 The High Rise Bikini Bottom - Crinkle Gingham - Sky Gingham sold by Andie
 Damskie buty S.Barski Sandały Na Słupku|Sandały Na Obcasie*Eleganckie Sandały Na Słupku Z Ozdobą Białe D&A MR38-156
########
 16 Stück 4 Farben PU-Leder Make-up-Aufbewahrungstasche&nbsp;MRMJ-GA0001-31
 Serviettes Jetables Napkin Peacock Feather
########
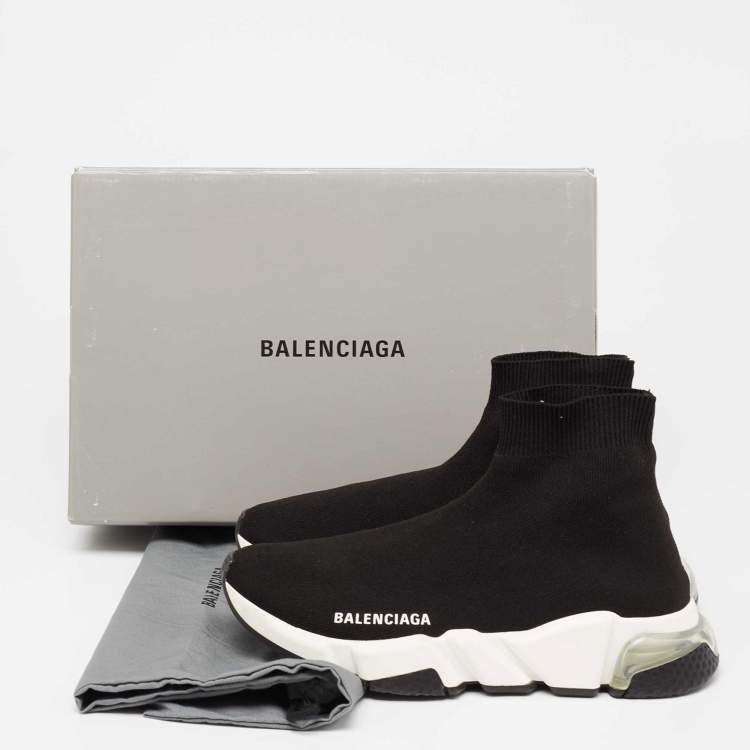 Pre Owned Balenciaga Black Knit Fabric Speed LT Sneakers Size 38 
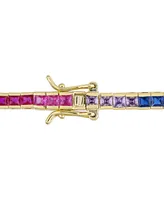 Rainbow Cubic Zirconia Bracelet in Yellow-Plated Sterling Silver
########
WHAT YOU ARE ASKED TO DO
Find where the line with "The High Rise" sits in the material above, then copy exactly from it through the line with "Damskie buty S.Barski". Add no other line.

RESPONSE BELOW
 The High Rise Bikini Bottom - Crinkle Gingham - Sky Gingham sold by Andie
 Damskie buty S.Barski Sandały Na Słupku|Sandały Na Obcasie*Eleganckie Sandały Na Słupku Z Ozdobą Białe D&A MR38-156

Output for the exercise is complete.